Ex-NSU professor vows to finish what he started
By MATTHEW BOWERS, The Virginian-Pilot / JuLy 26, 2007
Despite spending 21 months in prison with a life sentence looming, former Norfolk State University professor Yacob Hailemariam said Wednesday he has no regrets about his activism in his home country Ethiopia.
"Believe me, it is one of the best decisions I have ever made in my life," Hailemariam said in a telephone interview from his apartment in Addis Ababa, the Ethiopian capital.
The Ethiopian government pardoned and released him and 37 other opposition leaders Friday, four days after sentencing them to terms of up to life in prison for inciting violent protests after disputed 2005 elections.
Hailemariam and others denied the charges and declined to defend themselves, calling the trial a political sham. Human rights groups and members of Congress agreed. Amnesty International called the accused "prisoners of conscience."
Hailemariam, who turned 63 on Saturday, had returned to Ethiopia in late 2004, anxious to help move it toward democracy when elections were announced. That remains his goal, he said.
"I went to law school on the backs of poor peasants who have starved to death," he said, referring to his free education. "I feel I am indebted. I came back to pay that debt. Of course, things have happened, but I did my best. I have absolutely no regrets."
Since his release five days ago, he said, about 2,000 well-wishers have visited his apartment. They have left food and gifts - including 50 bottles of scotch - for the soft-spoken former business law professor and United Nations special envoy.
Hailemariam said he left prison physically and mentally healthy. He and his colleagues typically rose at 6:30 a.m. and exercised for two hours - doing calisthenics, push-ups and sit-ups. He read more books and magazines - newspapers weren't allowed - than when he taught at Norfolk State. Writing was forbidden, which was his biggest frustration, but he managed to sneak out one long protest letter that was posted on Web sites.
Other prisoners showed the opposition leaders respect by washing their dishes and clothes. Saturdays and Sundays - visiting days - brought lines of people, often strangers, bearing food and gifts and, most importantly to Hailemariam and the others, showing support for their cause.
"Prison becomes very light if you know why you are in prison," he said.
For eight months, Hailemariam and five others elected by fellow prisoners used intermediaries to negotiate with the government for their release. At 10 a.m. Friday, he and the others were given 30 minutes' notice that they were being freed.
Escorted home, he entered his apartment to a ringing phone. It was his wife, Tegist, who lives in Virginia Beach with their son, who had already heard the news.
"It was really welcome, a welcome gesture," Hailemariam said of his release. "But the most important issue was what could we do next."
He'll return to the United States in three weeks to visit family and friends. He wants to thank them, the Norfolk State community and local members of Congress for their support. And then after a month he wants to go back to Ethiopia.
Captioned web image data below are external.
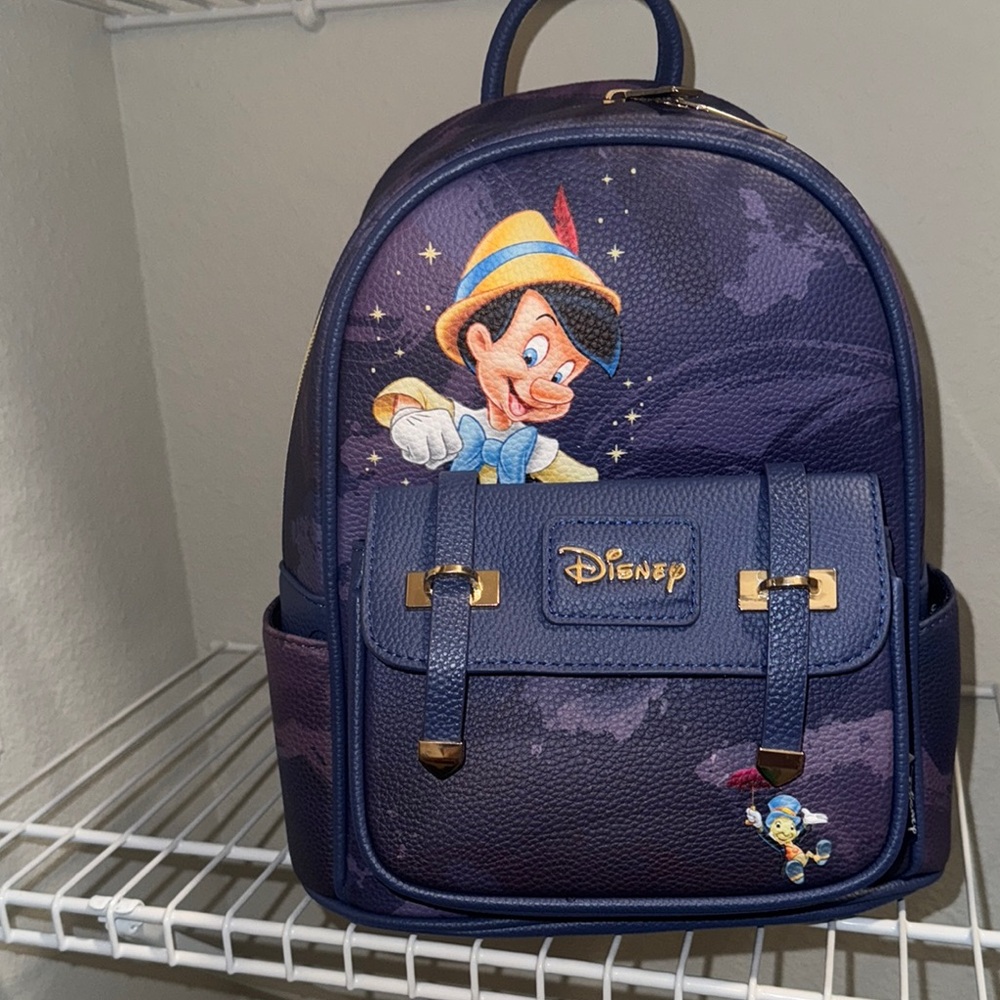 WONKA POP Disney Pinocchio Blue Backpack with Gold Accents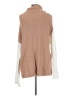 Miracle Color Block Tan Turtleneck Sweater Size Med - Lg - photo 2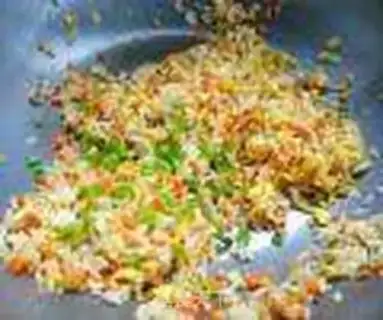 Make Carrot egg fried rice step 11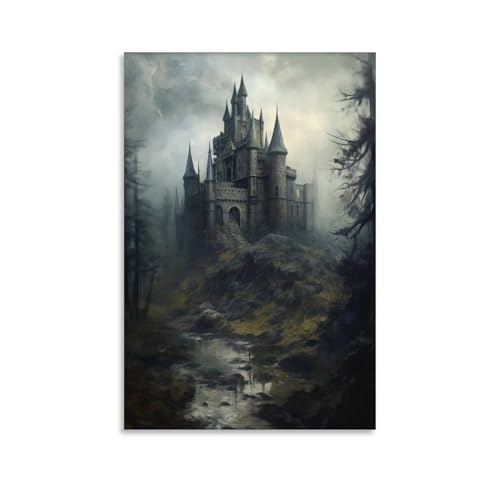 Vintage Castle Moody Landscape DarkArt – Gothic Dark Cottagecore Dark Academia Decor Victorian Dark Oil Painting Canvas Poster Wall Art Decor Print Picture Paintings for Living Room Bedroom Decoration Vintage Castle Moody Landscape DarkArt – Gothic Dark Cottagecore Dark Academia Decor Victorian Dark Oil Painting Canvas Poster Wall Art Decor Print Picture Paintings for Living Room Bedroom Decoration von DRDPLXGU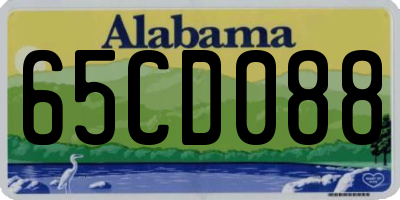 AL license plate 65CD088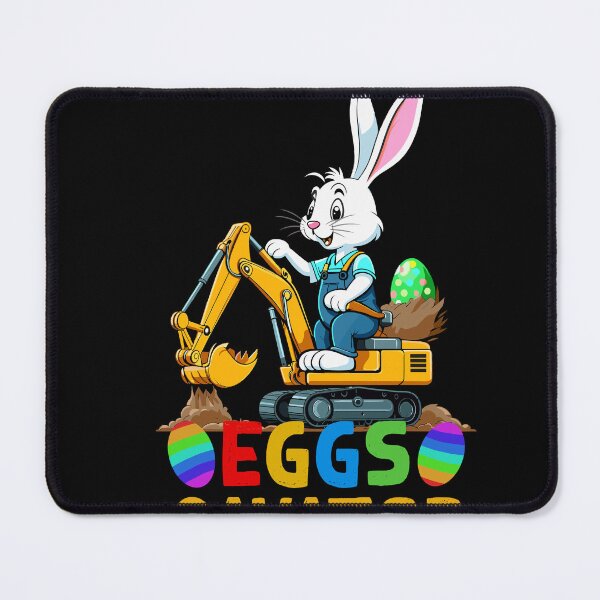 Item preview, Funny Easter saying Easter bunny excavator driver designed and sold by LuminOrb.
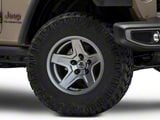 Mammoth Boulder Charcoal Wheel; 17x9; -6mm Offset (20-25 Jeep Gladiator JT)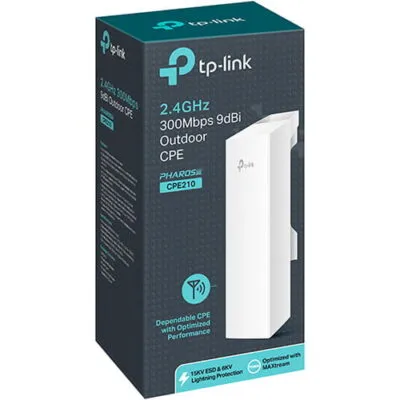 TP-Link 2.4GHz 300Mbps 9dBi Outdoor CPE - TL-CPE210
He has unfinished business, he said: The Ethiopian community that elected him in 2005 has no roads, electricity or water.
"I'm going to go back and represent people in any way I can," he said. He's hoping his wife and married daughter and grandchildren will accompany him for a while.
Democracy remains a hope, although he'd have to consult with his family before running again for office, he said. "People are so grateful for what we have done, but we haven't done much," he said. Still, he said, he and fellow leaders "have ignited a thirst for democracy, and nobody can extinguish that."